Opini, kawalbangsa. Com----
Menjelang Pilkada, mahasiswa, terutama para senior dan pemimpin organisasi, baik itu organisasi internal kampus maupun eksternal kampus memiliki tanggung jawab yang besar untuk menjaga integritas dan marwah sebagai mahasiswa STAI YAPTIP Pasaman Barat khususnya dan sebagai generasi intelektual bangsa. Keterlibatan dalam politik praktis, khususnya jika itu melibatkan penjualan suara mahasiswa, tidak hanya mencemari reputasi individu tetapi juga merusak nilai-nilai luhur yang kita junjung.
Belum lama ini, beredar video yang mengatasnamakan mahasiswa Pasaman Barat mendukung salah satu pasangan calon.

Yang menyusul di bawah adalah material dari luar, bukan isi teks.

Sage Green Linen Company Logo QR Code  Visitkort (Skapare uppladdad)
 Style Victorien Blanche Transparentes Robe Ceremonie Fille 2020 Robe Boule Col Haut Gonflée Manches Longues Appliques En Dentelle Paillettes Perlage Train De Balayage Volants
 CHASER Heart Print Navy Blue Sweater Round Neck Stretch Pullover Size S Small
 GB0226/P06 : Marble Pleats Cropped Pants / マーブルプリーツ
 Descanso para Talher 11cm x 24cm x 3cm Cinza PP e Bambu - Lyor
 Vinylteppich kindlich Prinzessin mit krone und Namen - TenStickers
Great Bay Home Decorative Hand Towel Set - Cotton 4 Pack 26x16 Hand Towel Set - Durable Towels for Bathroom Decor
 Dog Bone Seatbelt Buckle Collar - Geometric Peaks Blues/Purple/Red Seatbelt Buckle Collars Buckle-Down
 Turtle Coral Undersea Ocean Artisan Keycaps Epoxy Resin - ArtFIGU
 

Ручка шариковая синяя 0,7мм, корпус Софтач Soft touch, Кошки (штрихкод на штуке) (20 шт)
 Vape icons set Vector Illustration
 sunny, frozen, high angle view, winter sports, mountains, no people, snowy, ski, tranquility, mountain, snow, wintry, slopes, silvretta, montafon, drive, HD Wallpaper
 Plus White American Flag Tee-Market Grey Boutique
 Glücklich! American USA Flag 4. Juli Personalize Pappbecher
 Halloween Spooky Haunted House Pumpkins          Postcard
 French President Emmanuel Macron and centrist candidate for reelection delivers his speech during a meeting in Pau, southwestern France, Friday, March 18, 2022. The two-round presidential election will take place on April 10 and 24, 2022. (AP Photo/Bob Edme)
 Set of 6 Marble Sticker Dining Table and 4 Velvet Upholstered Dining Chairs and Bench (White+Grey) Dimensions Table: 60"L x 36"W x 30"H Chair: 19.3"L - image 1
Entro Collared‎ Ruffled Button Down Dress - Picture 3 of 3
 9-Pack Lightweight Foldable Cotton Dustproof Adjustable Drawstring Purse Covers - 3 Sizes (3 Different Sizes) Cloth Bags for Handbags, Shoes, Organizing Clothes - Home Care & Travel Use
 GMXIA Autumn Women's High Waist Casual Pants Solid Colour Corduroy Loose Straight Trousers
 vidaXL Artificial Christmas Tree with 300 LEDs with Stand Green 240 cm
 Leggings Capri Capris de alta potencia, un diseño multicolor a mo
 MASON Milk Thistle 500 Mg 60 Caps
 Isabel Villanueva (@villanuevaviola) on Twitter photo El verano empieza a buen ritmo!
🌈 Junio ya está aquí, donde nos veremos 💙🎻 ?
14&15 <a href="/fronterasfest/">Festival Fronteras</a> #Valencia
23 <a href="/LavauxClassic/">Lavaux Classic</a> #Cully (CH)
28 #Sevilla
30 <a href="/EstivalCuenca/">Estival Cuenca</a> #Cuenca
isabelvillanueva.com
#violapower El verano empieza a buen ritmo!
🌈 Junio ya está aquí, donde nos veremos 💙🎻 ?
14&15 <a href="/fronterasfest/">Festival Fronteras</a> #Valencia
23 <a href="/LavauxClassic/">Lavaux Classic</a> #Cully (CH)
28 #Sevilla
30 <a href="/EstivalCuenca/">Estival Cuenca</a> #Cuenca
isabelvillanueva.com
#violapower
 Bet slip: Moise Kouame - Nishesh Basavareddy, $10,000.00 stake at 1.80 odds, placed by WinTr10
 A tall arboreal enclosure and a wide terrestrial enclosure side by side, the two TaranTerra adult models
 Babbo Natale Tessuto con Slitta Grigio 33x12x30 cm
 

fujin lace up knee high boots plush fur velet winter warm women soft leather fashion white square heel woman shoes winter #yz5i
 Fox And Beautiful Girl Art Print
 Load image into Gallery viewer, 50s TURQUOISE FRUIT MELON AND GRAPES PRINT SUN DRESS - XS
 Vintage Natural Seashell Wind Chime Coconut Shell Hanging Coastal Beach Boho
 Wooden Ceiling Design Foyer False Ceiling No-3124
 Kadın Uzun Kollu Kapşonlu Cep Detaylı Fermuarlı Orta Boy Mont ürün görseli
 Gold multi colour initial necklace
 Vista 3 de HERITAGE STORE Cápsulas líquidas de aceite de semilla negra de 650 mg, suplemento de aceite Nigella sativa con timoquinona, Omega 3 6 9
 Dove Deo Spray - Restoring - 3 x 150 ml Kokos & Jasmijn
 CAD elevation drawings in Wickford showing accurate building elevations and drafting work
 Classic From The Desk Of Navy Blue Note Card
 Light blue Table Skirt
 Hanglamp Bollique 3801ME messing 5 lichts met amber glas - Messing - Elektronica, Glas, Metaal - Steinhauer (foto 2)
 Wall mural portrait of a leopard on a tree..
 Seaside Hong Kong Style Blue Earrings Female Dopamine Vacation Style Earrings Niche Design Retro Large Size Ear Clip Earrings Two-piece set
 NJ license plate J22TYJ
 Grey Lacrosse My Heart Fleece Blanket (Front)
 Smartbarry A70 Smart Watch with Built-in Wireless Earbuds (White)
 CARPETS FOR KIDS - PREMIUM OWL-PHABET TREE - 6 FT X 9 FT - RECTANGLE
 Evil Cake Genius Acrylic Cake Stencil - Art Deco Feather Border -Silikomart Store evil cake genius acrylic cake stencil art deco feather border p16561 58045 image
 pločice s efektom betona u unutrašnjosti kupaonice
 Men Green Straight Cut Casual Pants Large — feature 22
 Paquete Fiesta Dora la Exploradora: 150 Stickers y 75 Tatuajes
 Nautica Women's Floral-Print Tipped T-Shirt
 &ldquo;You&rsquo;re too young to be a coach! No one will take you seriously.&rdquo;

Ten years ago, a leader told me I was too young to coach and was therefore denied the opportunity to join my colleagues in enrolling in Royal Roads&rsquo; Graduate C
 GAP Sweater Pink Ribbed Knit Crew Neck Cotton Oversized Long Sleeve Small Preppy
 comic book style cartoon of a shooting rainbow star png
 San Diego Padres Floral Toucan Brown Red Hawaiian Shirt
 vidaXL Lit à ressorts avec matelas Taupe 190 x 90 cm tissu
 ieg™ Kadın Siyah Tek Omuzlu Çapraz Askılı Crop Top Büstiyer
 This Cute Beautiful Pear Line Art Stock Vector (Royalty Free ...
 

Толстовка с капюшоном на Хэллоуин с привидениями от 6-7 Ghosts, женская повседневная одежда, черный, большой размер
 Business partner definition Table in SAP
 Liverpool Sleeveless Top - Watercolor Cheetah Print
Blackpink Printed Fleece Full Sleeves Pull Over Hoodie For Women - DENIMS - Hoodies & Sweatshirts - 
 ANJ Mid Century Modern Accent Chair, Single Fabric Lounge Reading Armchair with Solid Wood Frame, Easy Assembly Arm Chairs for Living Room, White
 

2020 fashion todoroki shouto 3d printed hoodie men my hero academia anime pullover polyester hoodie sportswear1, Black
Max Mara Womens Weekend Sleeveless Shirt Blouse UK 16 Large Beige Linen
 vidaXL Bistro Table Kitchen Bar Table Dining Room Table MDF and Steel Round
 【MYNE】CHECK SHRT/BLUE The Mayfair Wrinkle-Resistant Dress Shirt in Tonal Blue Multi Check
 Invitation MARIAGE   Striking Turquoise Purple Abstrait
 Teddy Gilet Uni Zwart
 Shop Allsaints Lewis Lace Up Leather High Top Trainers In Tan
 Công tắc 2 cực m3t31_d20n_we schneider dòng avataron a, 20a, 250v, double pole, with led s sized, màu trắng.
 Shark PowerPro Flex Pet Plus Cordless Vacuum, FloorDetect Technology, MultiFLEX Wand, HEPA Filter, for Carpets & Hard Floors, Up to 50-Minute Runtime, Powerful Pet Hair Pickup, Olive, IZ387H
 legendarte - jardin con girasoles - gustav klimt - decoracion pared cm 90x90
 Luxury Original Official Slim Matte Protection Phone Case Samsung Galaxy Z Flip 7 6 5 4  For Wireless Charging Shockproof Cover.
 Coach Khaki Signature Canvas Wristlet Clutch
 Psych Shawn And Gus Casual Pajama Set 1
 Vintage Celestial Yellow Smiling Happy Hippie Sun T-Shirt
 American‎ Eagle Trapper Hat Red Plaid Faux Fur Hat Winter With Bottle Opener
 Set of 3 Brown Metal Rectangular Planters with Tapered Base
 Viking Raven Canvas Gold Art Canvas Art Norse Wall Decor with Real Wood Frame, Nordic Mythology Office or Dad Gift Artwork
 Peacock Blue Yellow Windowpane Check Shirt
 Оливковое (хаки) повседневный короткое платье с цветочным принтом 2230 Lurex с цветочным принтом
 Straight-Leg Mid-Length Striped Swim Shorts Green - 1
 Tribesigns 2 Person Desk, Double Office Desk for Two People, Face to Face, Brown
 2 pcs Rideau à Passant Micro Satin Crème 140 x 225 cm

Namun, perlu diperjelas bahwa video tersebut hanya mencerminkan sekelompok orang yang tidak berhak mewakili suara mayoritas mahasiswa Pasaman Barat.
Selain itu, laporan masyarakat adanya pesan dari salah satu pimpinan organisasi kampus yang menyatakan kesediaan untuk berkontribusi dan membantu tim pemenangan melalui grup WhatsApp.
Sangat jelas pimpinan organisasi yang terlihat bergerak aktif dari satu posko pemenangan ke posko lainnya, menciptakan kesan bahwa suara mahasiswa bisa dimanfaatkan untuk kepentingan politik tertentu.
Perlu diingat bahwa berpolitik secara pribadi adalah hak setiap individu. Namun, masalah muncul ketika seorang pemimpin organisasi terlibat dalam praktik tersebut. Status kepemimpinan tidak dapat diabaikan. Sebagai pemimpin, Anda adalah role model bagi anggota organisasi dan masyarakat. Ketika publik melihat Anda terlibat dalam politik praktis, dampaknya dapat merugikan reputasi organisasi.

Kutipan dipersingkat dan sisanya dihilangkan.